I spent a few minute to check out the work. It is a collaborative project with 5 other economists from Northwestern and Harvard which purports to fill a perceived gap:
What are the long-term impacts of early childhood education? Evidence on this important policy question remains scarce because of a lack of data linking childhood education and adult outcomes.
To that end, Saez et al follow a group of kindergarteners to adulthood and, using tax returns, match the subjects’ income to their class size and teachers’ experience in kindergarten. They conclude that:
improving the quality of schools in disadvantaged areas may reduce poverty and raise earnings and tax revenue in the long run.
I will not say anything about the methodology of the research: first, equating the reported income of grown men and women with their “success” and then using that income to judge the role of their kindergarten teacher or the size of their kindergarten class in making that income. I will not say anything because I know this type of mindless, clerical quantitative work is what passes for economic research in the nation’s universities.

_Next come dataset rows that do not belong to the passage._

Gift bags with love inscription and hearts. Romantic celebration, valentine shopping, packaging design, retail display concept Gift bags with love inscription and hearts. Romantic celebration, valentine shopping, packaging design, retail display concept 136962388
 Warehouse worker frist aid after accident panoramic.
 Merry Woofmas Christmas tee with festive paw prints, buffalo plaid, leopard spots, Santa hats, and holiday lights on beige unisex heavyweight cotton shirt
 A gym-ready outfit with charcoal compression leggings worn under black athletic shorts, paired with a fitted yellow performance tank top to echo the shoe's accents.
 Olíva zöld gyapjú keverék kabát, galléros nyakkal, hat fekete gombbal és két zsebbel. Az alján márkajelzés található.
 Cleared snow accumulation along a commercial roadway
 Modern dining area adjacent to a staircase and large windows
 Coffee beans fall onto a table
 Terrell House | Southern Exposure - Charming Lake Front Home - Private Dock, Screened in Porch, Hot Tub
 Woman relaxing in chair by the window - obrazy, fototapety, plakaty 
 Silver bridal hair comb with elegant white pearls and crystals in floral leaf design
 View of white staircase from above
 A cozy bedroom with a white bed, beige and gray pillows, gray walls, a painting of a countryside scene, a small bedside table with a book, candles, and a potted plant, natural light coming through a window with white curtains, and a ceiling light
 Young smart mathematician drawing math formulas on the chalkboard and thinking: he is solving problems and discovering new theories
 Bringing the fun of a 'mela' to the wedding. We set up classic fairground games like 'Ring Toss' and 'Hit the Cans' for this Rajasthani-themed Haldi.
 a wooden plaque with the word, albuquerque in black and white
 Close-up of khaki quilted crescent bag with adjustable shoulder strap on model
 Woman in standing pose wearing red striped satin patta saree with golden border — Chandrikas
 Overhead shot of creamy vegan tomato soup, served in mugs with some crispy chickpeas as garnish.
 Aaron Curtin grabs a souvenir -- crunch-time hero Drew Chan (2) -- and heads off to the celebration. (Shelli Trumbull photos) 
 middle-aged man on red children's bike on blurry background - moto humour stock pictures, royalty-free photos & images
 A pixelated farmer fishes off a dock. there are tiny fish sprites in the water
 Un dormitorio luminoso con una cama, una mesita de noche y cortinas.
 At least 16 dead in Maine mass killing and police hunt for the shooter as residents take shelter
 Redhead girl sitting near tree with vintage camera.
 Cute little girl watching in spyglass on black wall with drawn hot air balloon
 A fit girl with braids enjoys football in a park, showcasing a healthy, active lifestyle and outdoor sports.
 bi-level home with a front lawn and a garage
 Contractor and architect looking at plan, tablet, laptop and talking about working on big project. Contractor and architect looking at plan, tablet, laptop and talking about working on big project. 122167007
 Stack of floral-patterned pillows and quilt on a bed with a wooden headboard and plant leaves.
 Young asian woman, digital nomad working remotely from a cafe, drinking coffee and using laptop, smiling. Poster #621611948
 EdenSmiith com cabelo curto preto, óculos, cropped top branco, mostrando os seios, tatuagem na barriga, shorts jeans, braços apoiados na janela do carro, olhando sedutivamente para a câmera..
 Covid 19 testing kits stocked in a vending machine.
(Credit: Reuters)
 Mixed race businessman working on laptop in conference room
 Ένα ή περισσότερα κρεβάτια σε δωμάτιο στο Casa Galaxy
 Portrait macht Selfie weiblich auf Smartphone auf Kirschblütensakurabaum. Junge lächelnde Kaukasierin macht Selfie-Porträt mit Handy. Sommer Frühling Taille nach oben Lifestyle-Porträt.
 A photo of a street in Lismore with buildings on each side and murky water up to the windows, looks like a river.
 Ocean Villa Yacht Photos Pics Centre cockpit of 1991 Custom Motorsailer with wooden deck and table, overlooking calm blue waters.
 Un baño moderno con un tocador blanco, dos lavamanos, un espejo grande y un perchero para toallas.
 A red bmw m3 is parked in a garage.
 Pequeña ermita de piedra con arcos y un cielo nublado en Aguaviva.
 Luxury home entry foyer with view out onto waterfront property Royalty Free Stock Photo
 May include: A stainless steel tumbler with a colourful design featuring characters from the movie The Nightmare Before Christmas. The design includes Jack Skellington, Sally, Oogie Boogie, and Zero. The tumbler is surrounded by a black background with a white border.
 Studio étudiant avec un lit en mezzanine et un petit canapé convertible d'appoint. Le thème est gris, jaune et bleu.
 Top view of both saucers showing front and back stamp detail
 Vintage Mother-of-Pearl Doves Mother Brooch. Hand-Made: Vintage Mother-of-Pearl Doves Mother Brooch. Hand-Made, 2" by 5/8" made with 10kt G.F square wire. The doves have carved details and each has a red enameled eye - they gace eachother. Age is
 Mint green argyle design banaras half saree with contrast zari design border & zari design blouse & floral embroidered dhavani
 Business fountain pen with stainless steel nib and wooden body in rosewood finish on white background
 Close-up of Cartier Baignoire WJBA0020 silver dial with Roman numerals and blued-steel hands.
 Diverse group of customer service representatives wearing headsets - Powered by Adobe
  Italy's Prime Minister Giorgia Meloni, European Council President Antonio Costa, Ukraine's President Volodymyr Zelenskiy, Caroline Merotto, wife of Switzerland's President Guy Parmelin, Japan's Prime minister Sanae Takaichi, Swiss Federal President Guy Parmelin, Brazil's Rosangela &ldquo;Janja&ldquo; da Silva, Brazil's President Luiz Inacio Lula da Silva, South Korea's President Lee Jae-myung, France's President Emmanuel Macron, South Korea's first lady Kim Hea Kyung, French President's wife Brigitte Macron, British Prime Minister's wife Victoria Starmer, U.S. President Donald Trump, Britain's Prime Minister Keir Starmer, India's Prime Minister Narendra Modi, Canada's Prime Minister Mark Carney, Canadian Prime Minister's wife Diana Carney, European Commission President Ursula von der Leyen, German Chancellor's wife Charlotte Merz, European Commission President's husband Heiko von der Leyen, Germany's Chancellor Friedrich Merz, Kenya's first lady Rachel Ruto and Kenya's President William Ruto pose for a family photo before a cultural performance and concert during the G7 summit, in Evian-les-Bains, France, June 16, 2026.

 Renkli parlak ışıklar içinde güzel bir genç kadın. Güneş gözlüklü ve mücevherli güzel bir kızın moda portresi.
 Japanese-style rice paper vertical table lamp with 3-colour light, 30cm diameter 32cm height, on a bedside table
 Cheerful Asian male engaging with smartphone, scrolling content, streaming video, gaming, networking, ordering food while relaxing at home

Nor will I comment about the purpose and conclusion of the research. Six economists spending heaven only knows how much in grant money to conclude that: i) education is somehow important to “adult outcomes” and; ii) the poor do not get good education. Any comments along that line would be missing the point.

I only want to draw your attention to the cynicism of the researchers. Note their statement in the beginning about early childhood education being a “policy question”.

Exactly. The reason that millions – and tens of millions of students, preschoolers or otherwise – do not get a proper education is a matter of policy, i.e., conscious, decision.

Our researchers know that. And, yet, how do they confront the problem? They meekly suggest that perhaps the powers that be should consider improving the lot of down-and-outers because that would result in higher tax collection.

That’s a theoretical cold-bloodedness that would make Larry Summers cringe. As for the practicality of their advice? It is certain to be adopted the morning after Judgment Day.